Reproduce exactly the first line of the material below and every line after it, ending with the line that contains "pierścionki srebrne Pierścionek". No pictures should be copied.
—————
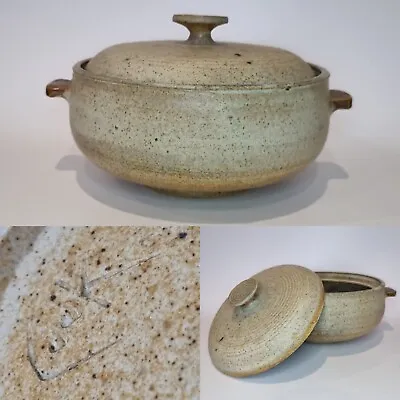 Buy Vintage George Cook Ambleside Studio Pottery Lidded Pot Stoneware 1940s • 137.75£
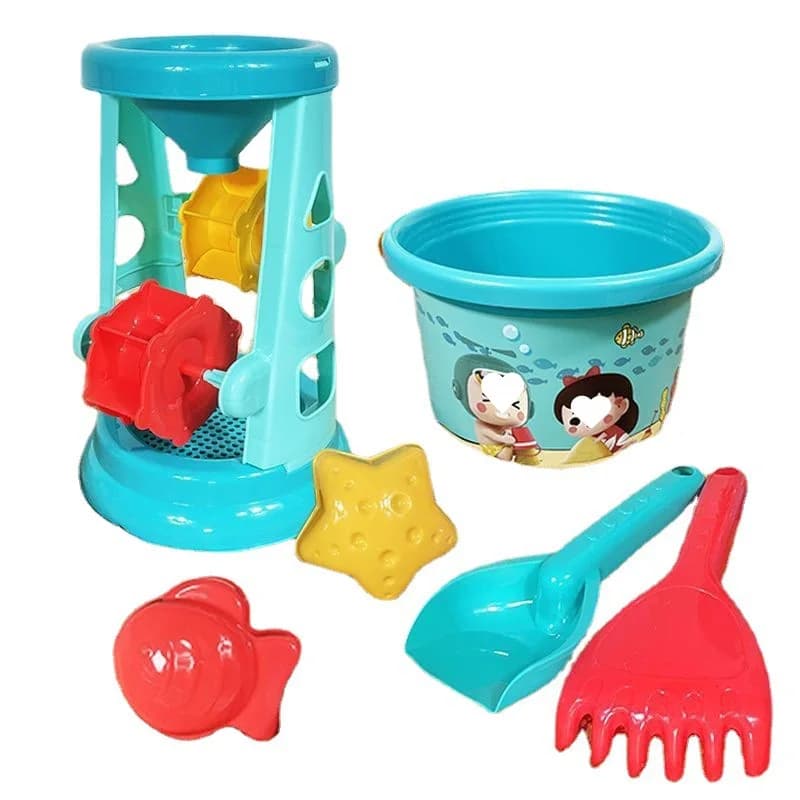 23PCS Summer Beach Set Toys For Kids Digging Sand Plastic Bucket Watering Bottle Shovels Children Beach Water Game Toys Tools — view 5
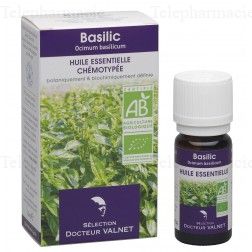 DOCTEUR VALNET Huile essentielle de basilic bio flacon 10ml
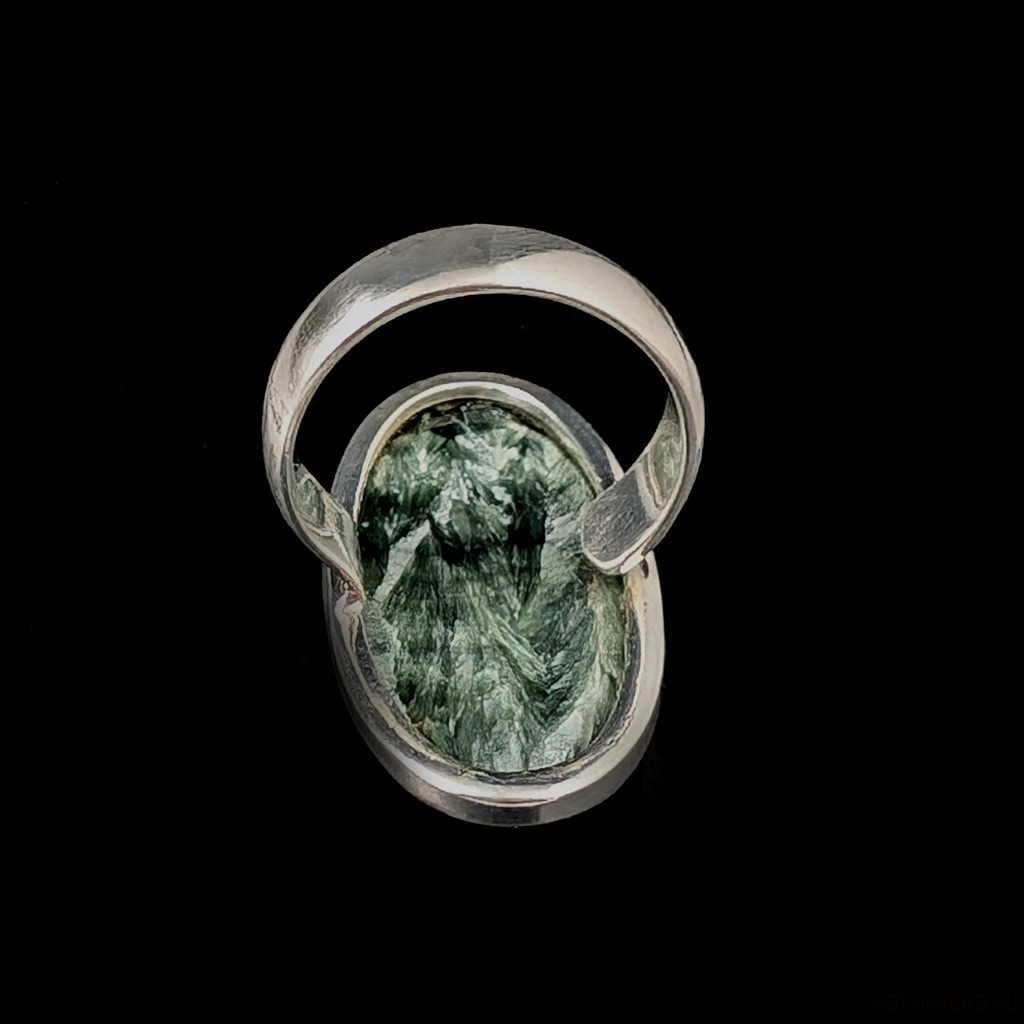 pierścionki srebrne Pierścionek Serafinit leśne szepty 1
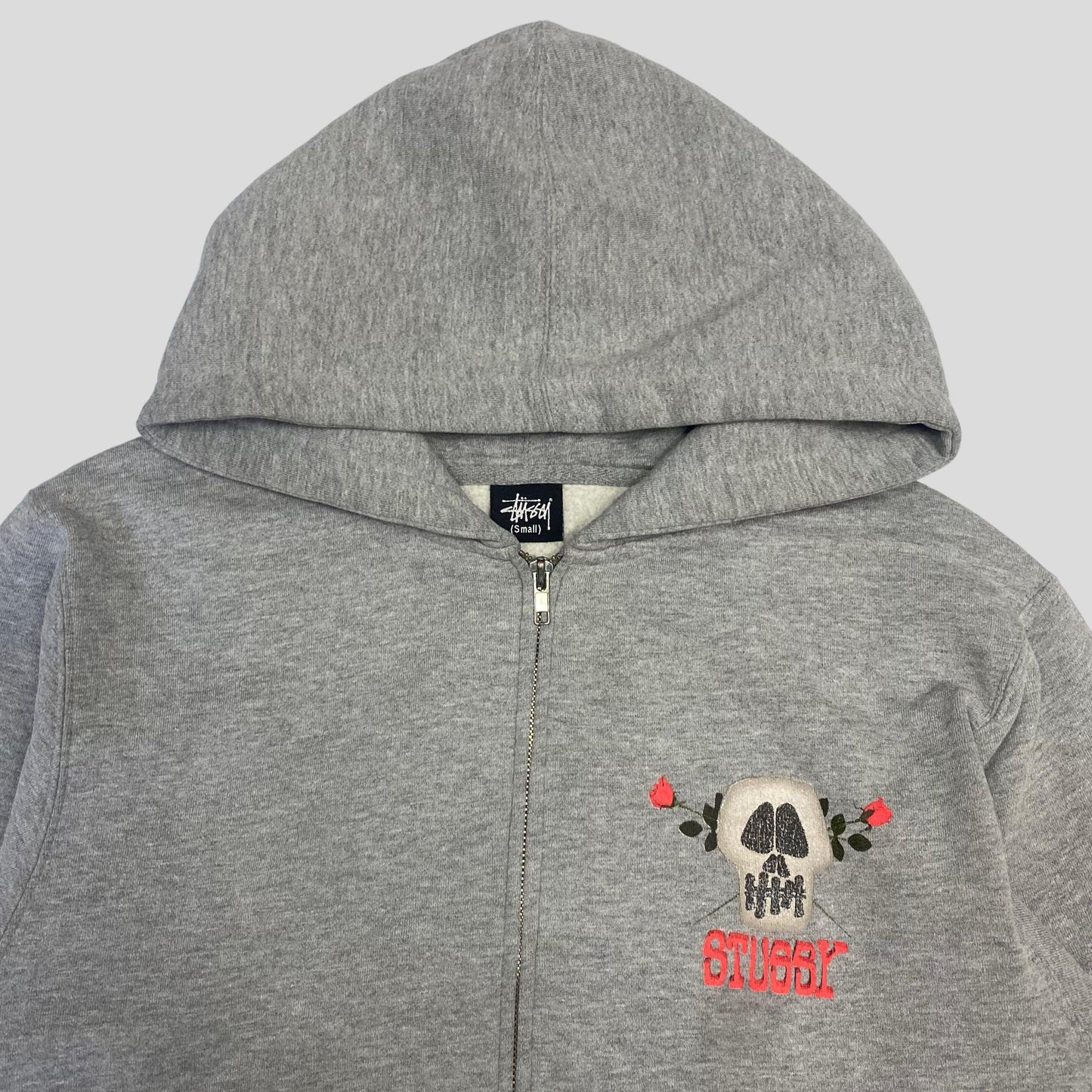 Stussy early 00’s Skull & Roses Zip-up Hoodie - S - Known Source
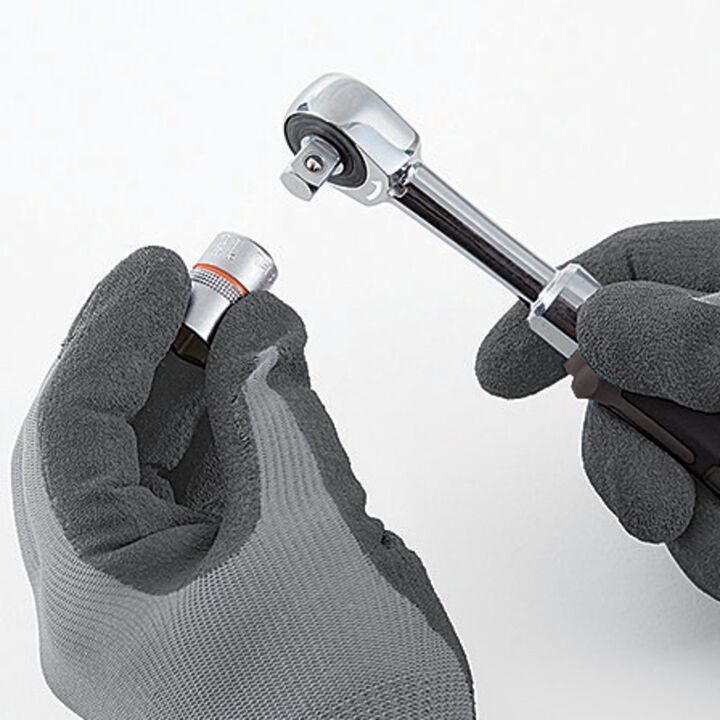 VESSEL e-ASSIST Cordless Mini Ratchet Wrench 60-Tooth 400 RPM Compact Ratchet, large image number 9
—————
> _Answer space_
 Buy Vintage George Cook Ambleside Studio Pottery Lidded Pot Stoneware 1940s • 137.75£
 23PCS Summer Beach Set Toys For Kids Digging Sand Plastic Bucket Watering Bottle Shovels Children Beach Water Game Toys Tools — view 5
 DOCTEUR VALNET Huile essentielle de basilic bio flacon 10ml
 pierścionki srebrne Pierścionek Serafinit leśne szepty 1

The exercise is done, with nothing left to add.